Apr 1, 2009
Please refer to my earlier post (April 2007) on xml sitemaps. The search engines have agreed on a joint xml sitemap protocol.
I personally like adding some formatting to my xml sitemap - I use the Google sitemaps toolbox - I am able to see the total number of url's in the sitemap, and sort the sitemap by each of its columns.
An xml sitemap is a listing of url's that are contained in your website that contains extra information:
- like when the page was last updated,
- the priority that you want Google to spider the page compared to other pages
- how often you want the page spidered - ie all the time, daily, weekly, monthly
You can submit an xml sitemap, an rss feed, or even a list of url's in a text file.
The information can be submitted to Google via Google webmaster tools, and you can also include a link to the sitemap in your robots.txt file
Why a Google sitemapA sitemap is best when you have a content management system that automatically creates updated "last modified" entries, and automatically adds new pages.

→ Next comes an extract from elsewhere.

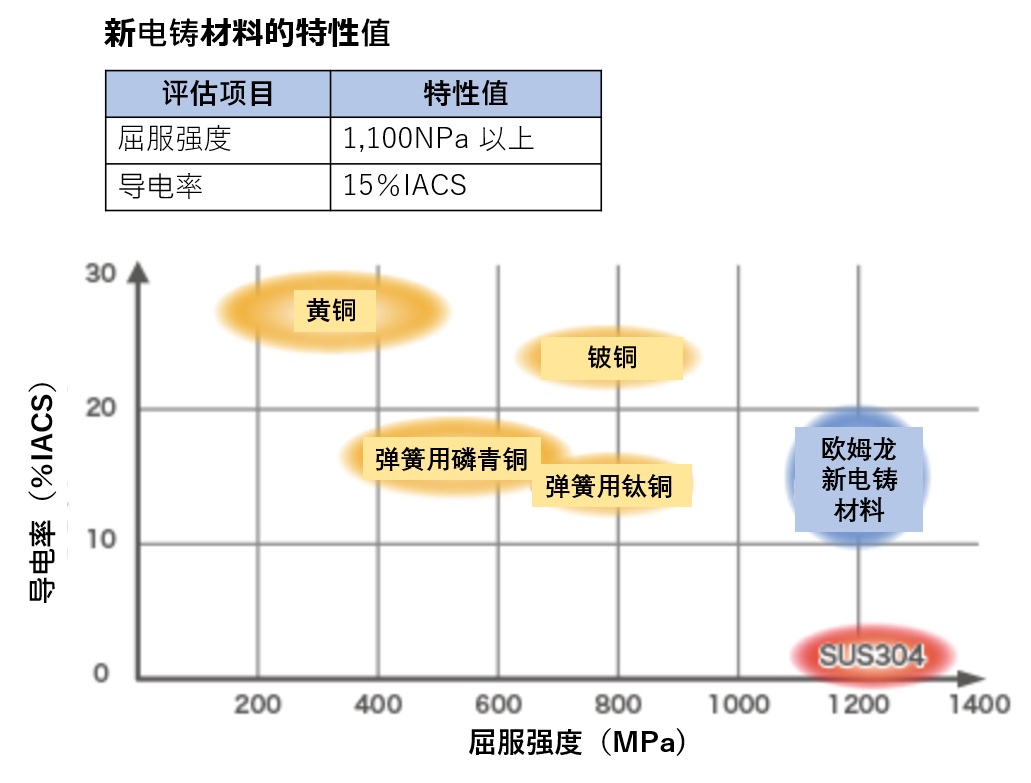 独特材料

You set things up so that Google is automatically pinged to let them know of the new entries.
In general, Google will spider your website as often as it schedules it, based on the highest Google PR of your pages. Having a sitemap will not in itself get your pages spidered more often. However, Google is more likely to respider your latest additions and changes if you notify it via pinging and differences in the sitemap compared to the last time it spidered it.
So don't spam Google and tell it that all pages have been changed when in fact only one page has been changed. Make sure you have pages with different priorities, otherwise in effect you are giving no information to Google.

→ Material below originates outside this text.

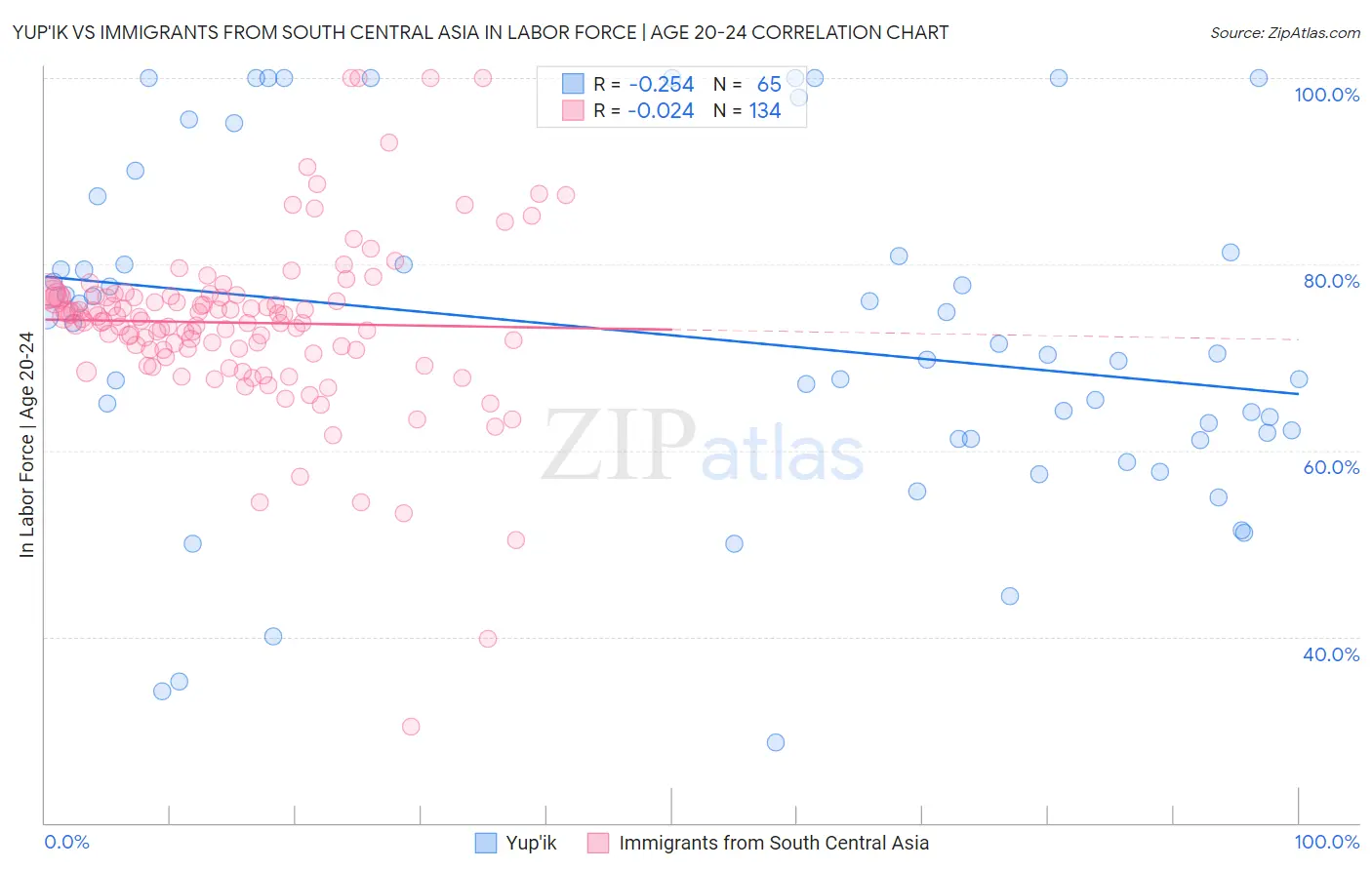Yup'ik vs Immigrants from South Central Asia In Labor Force | Age 20-24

If you have a large website with thousands of pages, prioritised spidering will get your new information updated faster than otherwise. With a small website there is little benefit, as Google would be spidering the whole lot in one go anyway.
Submitting your sitemap to Google will let Google know your total number of website pages. You will then have the stat "Total URL's:x Indexed url's: y" - you will know how many of your pages are in Google. A very useful stat.
There are some great sitemap generators that will spider your website, and create an xml sitemap - but the risk is that you will not update it with new pages, nor use it to tell Google about updates to pages. So such a sitemap does not give that much benefit.